Over the next two years, Koeppel began methodically hunting for stairs in his neighborhood and then beyond. He consulted walking guides, the Thomas Guide, two GPS systems, topographic software and websites offering interactive topographic data.
“I worked from the south,” he says, starting with the “Music Box” stairs “and added stairs as I explored northward, then expanded eastward (crossing the reservoir), then further east [into Echo Park], then turned the whole thing into a single route.”
He collected stairs with a singular passion, the way someone else might collect rare coins. He came by his extreme focus honestly, he says. His father, Richard Koeppel, is a world-class birder who has obsessively logged more than 7,000 sightings of birds over his lifetime.
Dan Koeppel continues to nurture the route, adding more staircases as he finds them and shortening it when he finds shortcuts, all while respecting The Rules. Ah, The Rules. Koeppel has refined a set of quirky regulations to accompany the hike: The route must not repeat a set of stairs, and stairs must be traversed only one way. No searching out new stairs in a car or asking mail carriers for directions. “That’s like asking a math professor to do your math homework,” he says.
Koeppel tries to do portions of the walk two or three times a week, and in the last few years an eclectic band of his friends and acquaintances has taken up the walk as well.
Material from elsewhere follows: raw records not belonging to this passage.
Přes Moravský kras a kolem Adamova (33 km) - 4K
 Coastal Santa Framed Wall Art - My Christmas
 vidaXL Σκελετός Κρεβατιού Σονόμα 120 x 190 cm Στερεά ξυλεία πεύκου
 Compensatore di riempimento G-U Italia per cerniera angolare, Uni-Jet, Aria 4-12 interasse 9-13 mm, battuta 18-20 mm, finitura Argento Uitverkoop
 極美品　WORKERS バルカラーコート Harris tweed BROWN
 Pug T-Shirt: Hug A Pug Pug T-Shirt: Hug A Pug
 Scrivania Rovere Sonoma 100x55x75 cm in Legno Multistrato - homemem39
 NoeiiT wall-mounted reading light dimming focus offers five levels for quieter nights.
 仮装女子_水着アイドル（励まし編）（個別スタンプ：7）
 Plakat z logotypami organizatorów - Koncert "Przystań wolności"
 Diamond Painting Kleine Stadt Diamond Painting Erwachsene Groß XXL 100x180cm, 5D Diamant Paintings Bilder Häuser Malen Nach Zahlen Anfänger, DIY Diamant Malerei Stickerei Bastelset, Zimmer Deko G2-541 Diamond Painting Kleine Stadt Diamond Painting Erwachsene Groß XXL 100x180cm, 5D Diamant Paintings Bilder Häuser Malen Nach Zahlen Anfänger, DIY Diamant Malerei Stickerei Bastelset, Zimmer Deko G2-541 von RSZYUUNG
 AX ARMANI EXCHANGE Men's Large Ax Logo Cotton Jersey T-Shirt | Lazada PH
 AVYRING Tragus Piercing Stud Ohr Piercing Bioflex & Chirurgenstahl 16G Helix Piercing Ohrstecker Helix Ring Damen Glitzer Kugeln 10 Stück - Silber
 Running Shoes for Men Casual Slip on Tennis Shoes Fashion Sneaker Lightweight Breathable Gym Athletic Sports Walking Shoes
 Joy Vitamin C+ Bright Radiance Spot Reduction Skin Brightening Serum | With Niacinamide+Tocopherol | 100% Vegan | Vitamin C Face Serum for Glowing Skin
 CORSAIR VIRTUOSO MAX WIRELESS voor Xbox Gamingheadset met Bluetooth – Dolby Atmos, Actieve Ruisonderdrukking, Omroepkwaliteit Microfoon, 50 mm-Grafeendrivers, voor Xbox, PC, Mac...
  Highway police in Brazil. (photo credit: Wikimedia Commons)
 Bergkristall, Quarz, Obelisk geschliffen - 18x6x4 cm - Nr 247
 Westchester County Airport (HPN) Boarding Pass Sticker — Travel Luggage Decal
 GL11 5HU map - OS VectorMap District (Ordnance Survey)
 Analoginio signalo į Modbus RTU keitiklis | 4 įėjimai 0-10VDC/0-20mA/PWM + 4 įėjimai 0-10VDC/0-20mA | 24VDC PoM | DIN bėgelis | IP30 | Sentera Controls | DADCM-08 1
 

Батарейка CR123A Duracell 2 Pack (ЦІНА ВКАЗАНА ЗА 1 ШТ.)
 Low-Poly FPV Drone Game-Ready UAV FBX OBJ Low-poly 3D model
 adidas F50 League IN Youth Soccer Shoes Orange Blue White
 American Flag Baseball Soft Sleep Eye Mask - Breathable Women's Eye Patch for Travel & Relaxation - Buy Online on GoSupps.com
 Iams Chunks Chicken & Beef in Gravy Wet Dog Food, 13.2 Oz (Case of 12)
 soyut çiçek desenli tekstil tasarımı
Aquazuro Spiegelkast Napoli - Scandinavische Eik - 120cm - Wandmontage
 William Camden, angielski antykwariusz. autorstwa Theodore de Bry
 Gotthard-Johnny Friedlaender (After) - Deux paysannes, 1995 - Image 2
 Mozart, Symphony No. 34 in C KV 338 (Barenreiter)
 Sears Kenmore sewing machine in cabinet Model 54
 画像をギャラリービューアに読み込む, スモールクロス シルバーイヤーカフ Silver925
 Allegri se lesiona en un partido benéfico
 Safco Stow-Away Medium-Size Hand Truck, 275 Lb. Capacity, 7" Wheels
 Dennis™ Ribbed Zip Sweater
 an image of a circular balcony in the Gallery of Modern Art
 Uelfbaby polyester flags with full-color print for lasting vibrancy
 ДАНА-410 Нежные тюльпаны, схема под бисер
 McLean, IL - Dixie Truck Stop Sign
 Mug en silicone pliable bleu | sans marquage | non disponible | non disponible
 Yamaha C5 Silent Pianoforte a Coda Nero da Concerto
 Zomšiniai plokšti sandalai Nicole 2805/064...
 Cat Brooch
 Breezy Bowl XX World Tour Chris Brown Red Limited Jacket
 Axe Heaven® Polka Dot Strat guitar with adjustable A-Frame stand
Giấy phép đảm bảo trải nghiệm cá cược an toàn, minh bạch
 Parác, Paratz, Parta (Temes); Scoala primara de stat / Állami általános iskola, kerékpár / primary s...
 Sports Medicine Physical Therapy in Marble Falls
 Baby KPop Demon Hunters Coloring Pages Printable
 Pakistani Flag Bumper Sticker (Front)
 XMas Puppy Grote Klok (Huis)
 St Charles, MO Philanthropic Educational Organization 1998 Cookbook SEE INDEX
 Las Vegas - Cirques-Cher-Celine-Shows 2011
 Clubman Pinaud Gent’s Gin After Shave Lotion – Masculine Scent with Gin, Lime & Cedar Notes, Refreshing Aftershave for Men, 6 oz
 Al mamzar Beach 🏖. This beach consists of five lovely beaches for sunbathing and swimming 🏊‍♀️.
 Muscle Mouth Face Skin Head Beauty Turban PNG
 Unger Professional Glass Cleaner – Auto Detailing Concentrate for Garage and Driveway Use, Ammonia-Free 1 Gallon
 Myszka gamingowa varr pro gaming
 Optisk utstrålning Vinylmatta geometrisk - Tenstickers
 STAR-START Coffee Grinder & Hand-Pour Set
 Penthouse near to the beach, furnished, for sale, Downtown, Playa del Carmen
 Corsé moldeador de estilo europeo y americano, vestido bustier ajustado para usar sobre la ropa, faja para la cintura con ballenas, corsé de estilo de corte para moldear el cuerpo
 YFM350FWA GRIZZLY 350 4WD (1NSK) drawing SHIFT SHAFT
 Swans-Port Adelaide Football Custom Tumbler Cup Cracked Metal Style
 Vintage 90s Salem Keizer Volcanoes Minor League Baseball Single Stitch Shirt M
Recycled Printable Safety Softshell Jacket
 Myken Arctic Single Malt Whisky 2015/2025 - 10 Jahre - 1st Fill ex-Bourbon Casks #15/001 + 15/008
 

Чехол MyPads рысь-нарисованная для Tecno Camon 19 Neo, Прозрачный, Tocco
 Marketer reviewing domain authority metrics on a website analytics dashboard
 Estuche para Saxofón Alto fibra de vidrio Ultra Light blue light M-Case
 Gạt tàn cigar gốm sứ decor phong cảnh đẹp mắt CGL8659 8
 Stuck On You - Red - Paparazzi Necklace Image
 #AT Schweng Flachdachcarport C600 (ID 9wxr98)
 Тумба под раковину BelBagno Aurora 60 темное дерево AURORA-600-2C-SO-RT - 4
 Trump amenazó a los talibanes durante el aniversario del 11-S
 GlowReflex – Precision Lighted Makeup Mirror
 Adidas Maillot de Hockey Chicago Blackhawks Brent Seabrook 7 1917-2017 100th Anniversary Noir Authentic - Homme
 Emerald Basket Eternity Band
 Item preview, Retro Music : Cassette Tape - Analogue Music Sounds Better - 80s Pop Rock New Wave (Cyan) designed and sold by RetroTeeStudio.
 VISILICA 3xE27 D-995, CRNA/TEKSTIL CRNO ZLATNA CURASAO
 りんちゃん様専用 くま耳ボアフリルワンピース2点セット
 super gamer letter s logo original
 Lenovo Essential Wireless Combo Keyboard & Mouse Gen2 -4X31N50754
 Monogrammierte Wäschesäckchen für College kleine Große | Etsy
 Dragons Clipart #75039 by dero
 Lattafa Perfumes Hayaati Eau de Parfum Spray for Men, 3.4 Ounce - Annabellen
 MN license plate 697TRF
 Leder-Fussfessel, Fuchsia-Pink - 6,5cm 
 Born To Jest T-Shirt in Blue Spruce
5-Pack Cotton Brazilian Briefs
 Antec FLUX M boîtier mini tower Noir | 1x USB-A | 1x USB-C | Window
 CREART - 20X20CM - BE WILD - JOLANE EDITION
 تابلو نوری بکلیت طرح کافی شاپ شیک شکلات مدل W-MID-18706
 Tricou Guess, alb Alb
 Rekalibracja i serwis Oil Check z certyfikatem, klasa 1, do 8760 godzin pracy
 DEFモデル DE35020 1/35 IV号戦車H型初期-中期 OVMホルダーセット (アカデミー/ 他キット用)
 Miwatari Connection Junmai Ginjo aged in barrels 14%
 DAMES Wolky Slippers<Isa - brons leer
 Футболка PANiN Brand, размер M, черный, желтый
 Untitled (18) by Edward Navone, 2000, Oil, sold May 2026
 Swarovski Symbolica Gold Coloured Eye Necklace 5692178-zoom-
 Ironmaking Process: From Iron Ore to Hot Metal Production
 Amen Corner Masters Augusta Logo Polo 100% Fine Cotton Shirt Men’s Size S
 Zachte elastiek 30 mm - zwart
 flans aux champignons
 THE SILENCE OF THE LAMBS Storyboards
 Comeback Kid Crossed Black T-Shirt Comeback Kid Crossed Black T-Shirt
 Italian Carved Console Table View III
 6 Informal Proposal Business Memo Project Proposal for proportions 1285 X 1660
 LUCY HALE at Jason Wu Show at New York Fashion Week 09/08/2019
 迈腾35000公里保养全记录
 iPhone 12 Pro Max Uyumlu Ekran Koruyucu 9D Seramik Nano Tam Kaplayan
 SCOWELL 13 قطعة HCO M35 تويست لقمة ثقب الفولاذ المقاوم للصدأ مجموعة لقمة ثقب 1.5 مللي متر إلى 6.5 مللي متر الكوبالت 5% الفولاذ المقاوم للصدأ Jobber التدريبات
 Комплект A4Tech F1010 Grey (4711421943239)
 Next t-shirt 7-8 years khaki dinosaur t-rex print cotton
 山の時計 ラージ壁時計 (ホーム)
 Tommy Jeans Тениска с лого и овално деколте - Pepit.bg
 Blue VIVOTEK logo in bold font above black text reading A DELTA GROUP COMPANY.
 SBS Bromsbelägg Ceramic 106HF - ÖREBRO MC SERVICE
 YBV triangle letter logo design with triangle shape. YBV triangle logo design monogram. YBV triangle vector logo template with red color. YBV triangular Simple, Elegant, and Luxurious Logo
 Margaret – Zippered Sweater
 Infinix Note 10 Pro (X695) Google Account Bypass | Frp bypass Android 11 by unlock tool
He still gets a thrill discovering stairs. “I found a new one in Silver Lake just a few months ago,” he reports. “There’s always one waiting to be found.”
Step-by-step directions for the route are available at home page.mac.com/discovolonte/ stairs/, but keep in mind that there are not always street signs or house numbers along the route, so it’s easy to get lost.
“People need to see this as an adventure,” Koeppel says, “and not like they’re getting poor customer service.”